- Exercise
In the entries below, locate the line with "Used 2024 Jeep", then give again that line and all lines after it, exactly, with pictures omitted.

(Source information)

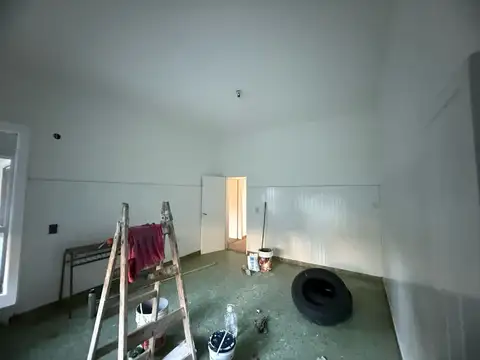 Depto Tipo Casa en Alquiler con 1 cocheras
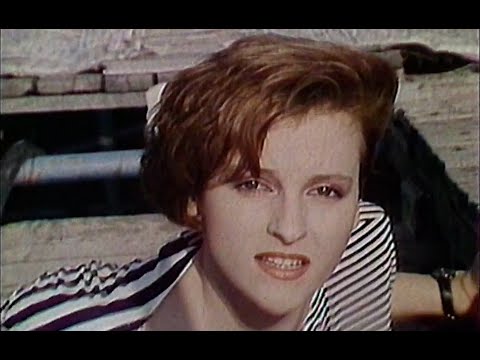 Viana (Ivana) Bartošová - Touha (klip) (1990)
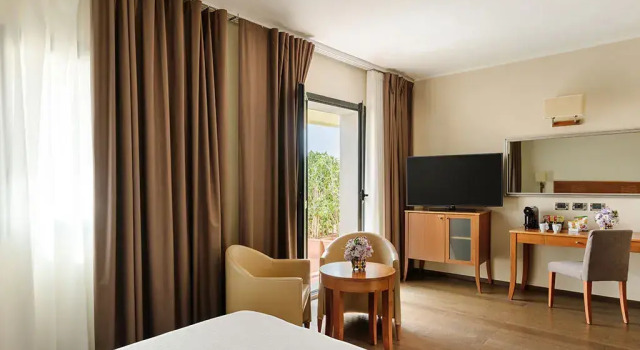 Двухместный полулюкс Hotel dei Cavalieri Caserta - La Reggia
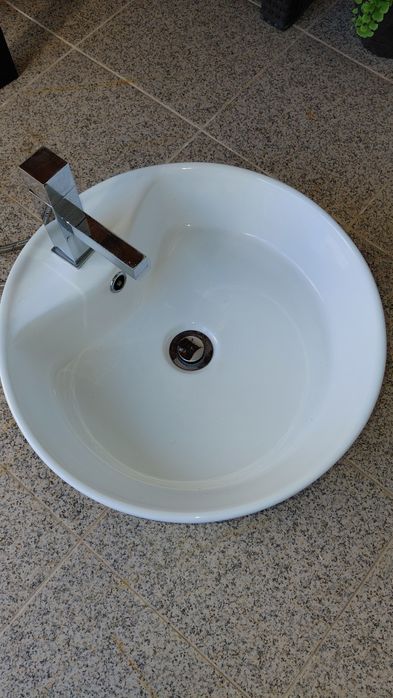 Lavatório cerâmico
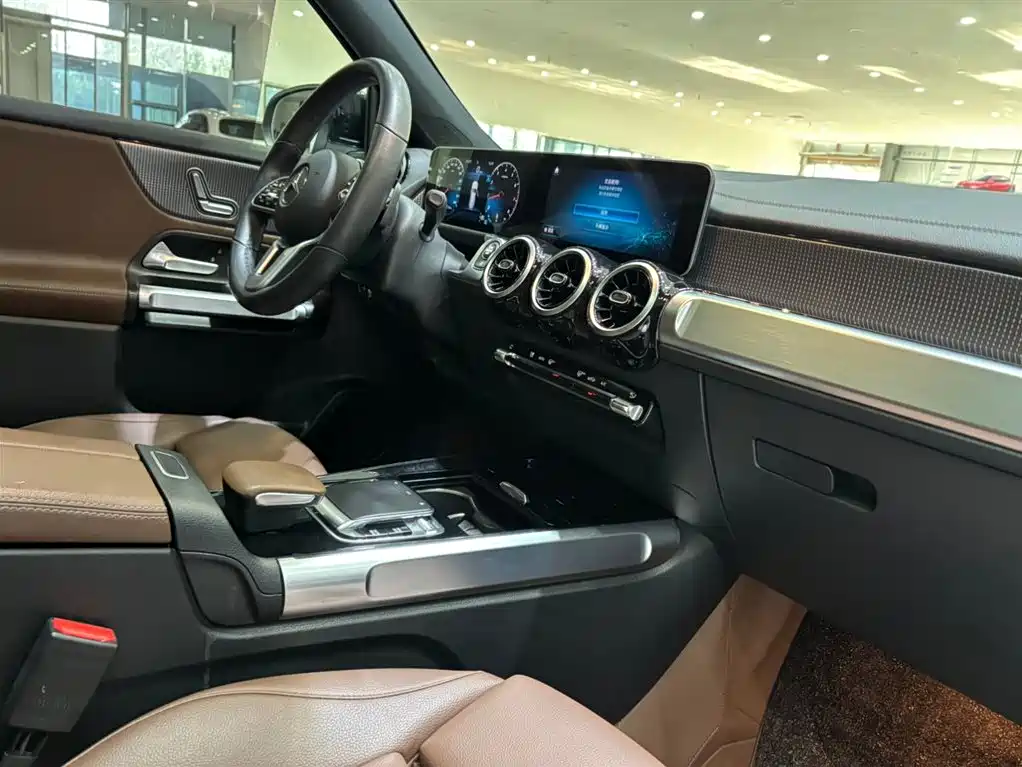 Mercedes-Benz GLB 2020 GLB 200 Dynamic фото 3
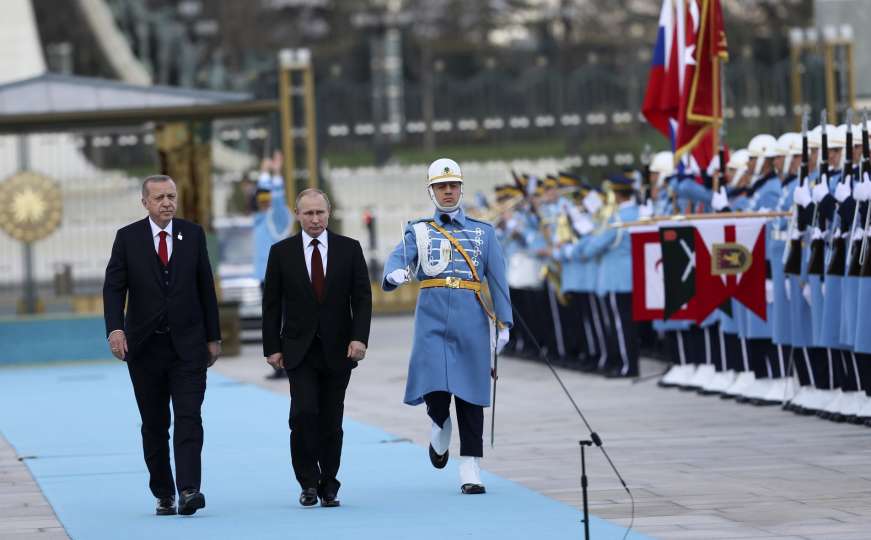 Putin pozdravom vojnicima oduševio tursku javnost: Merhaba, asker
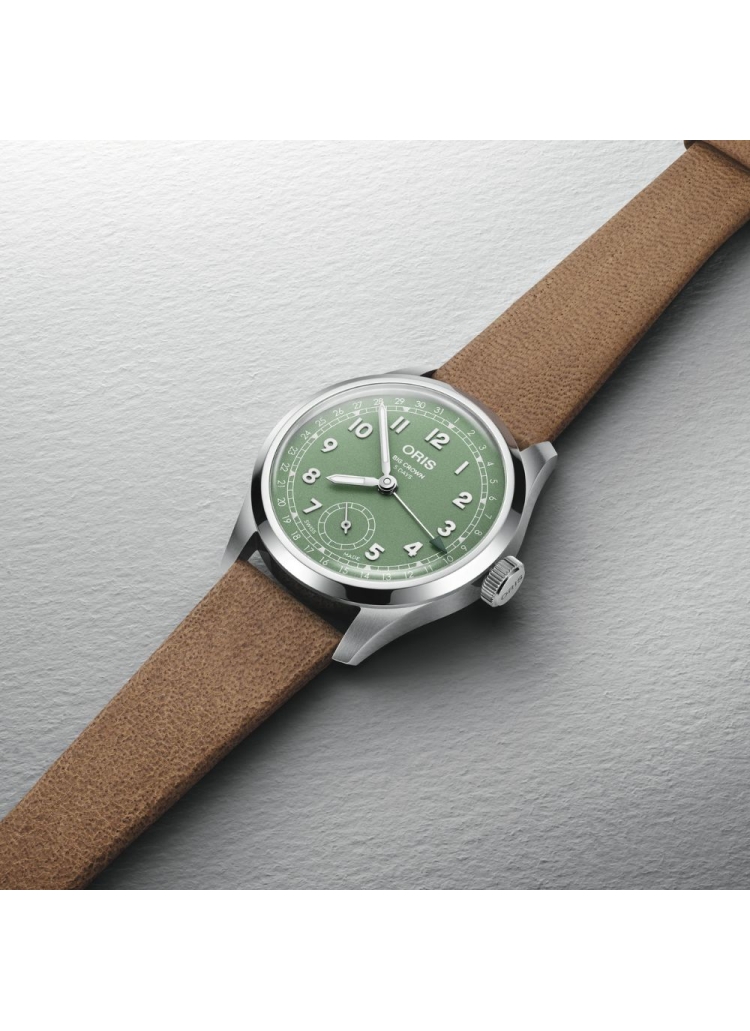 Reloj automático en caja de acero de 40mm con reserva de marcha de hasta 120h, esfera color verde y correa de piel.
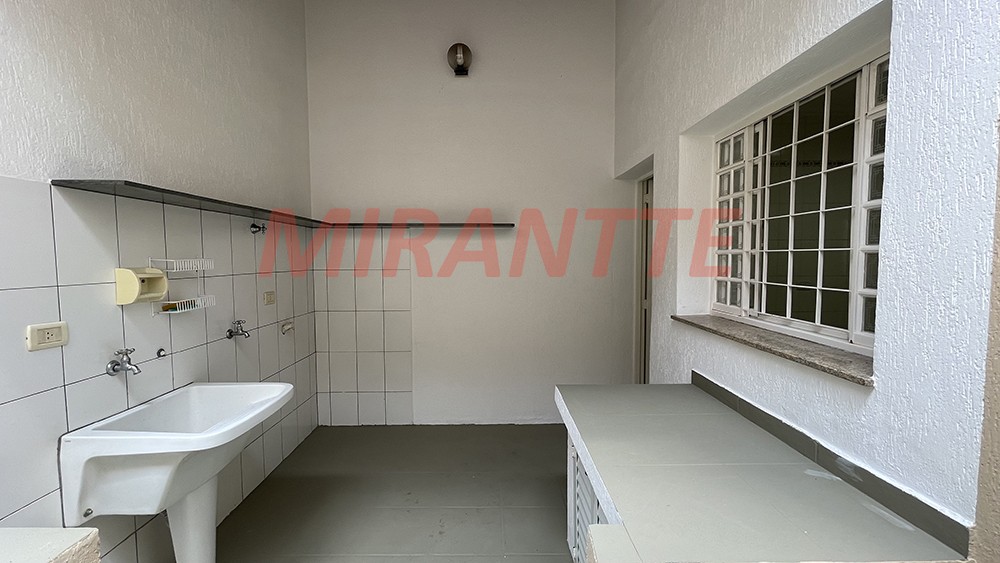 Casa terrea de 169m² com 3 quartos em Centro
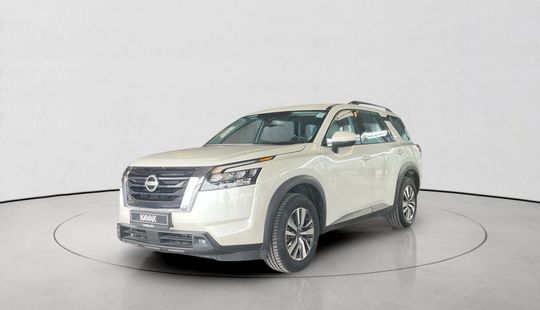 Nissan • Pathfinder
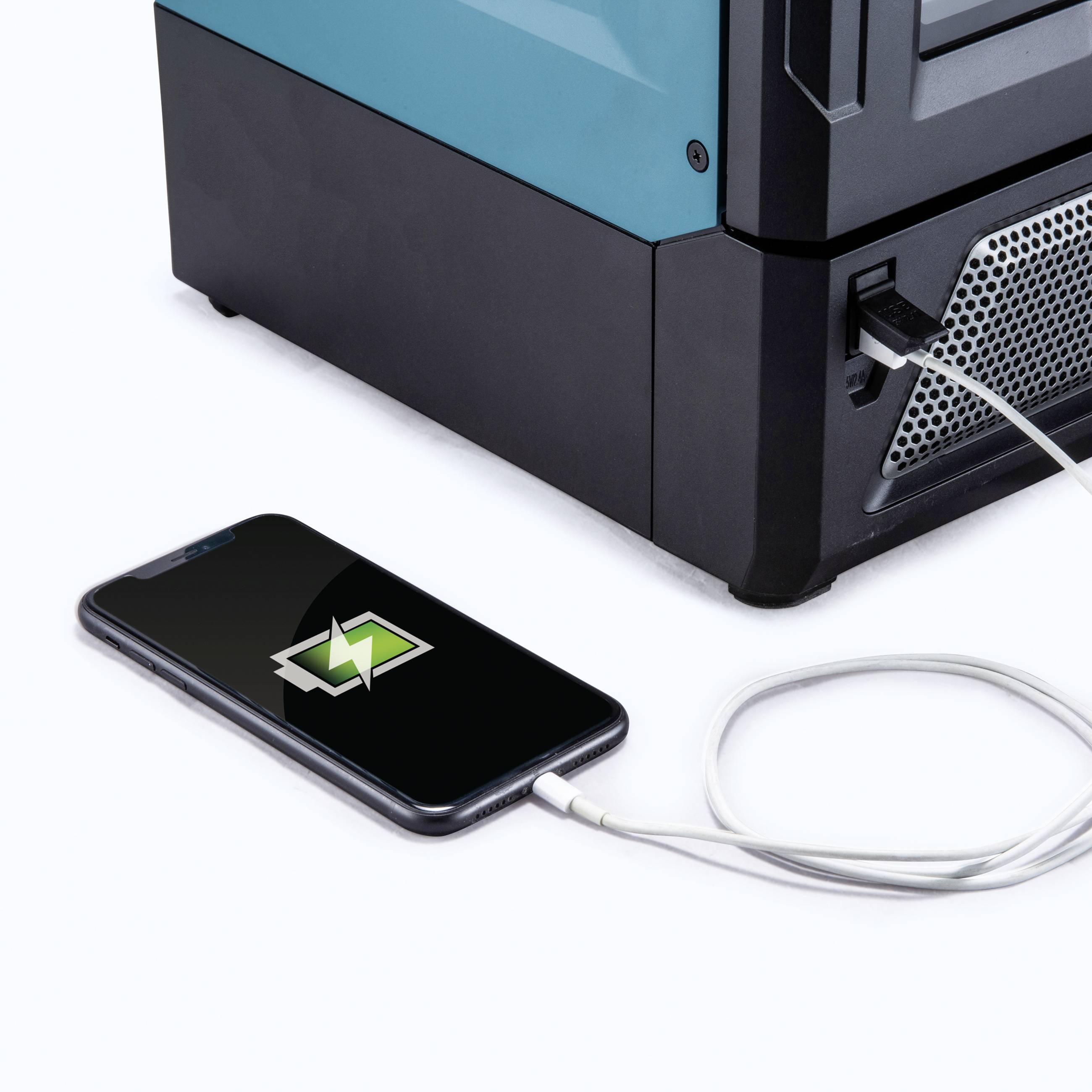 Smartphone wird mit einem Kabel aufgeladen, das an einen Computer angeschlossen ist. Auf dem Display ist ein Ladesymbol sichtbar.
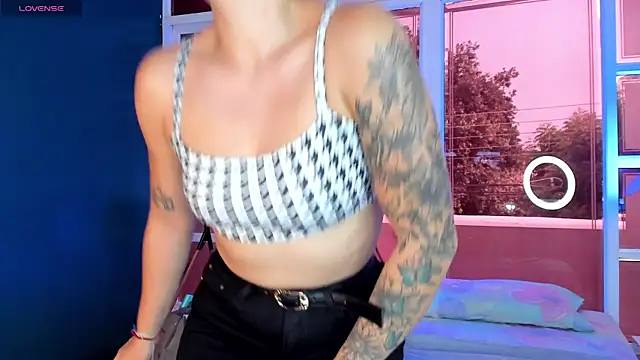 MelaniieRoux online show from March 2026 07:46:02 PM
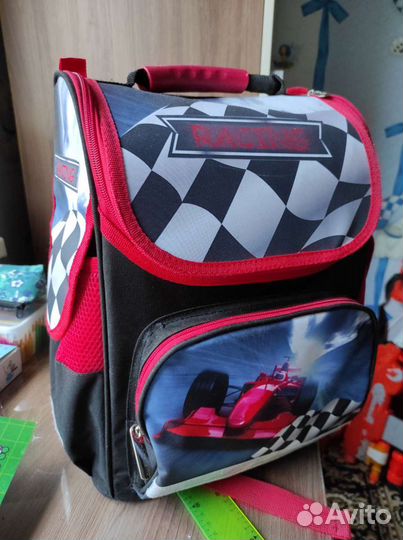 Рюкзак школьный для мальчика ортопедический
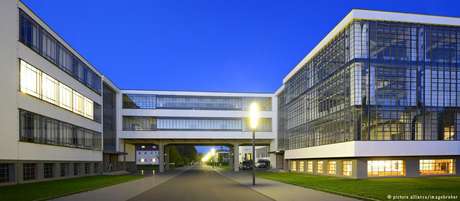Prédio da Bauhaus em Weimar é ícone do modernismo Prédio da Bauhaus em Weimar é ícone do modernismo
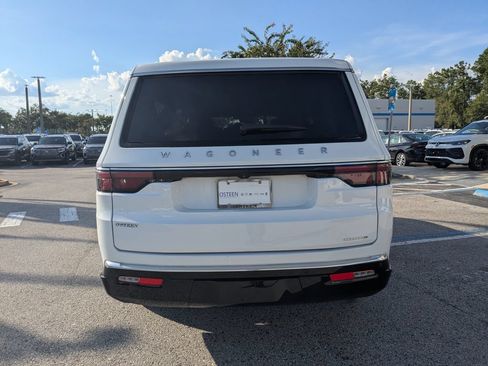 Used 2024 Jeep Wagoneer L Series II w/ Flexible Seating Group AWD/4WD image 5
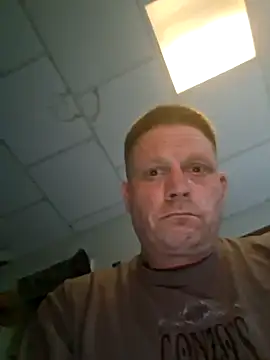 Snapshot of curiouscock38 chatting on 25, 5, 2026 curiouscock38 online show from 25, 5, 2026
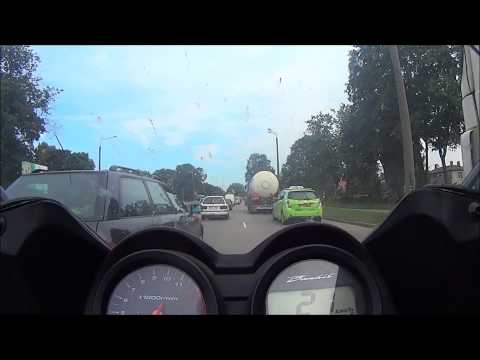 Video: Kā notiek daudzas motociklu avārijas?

(End Source information)

- Exercise solution
 Used 2024 Jeep Wagoneer L Series II w/ Flexible Seating Group AWD/4WD image 5
 Snapshot of curiouscock38 chatting on 25, 5, 2026 curiouscock38 online show from 25, 5, 2026
 Video: Kā notiek daudzas motociklu avārijas?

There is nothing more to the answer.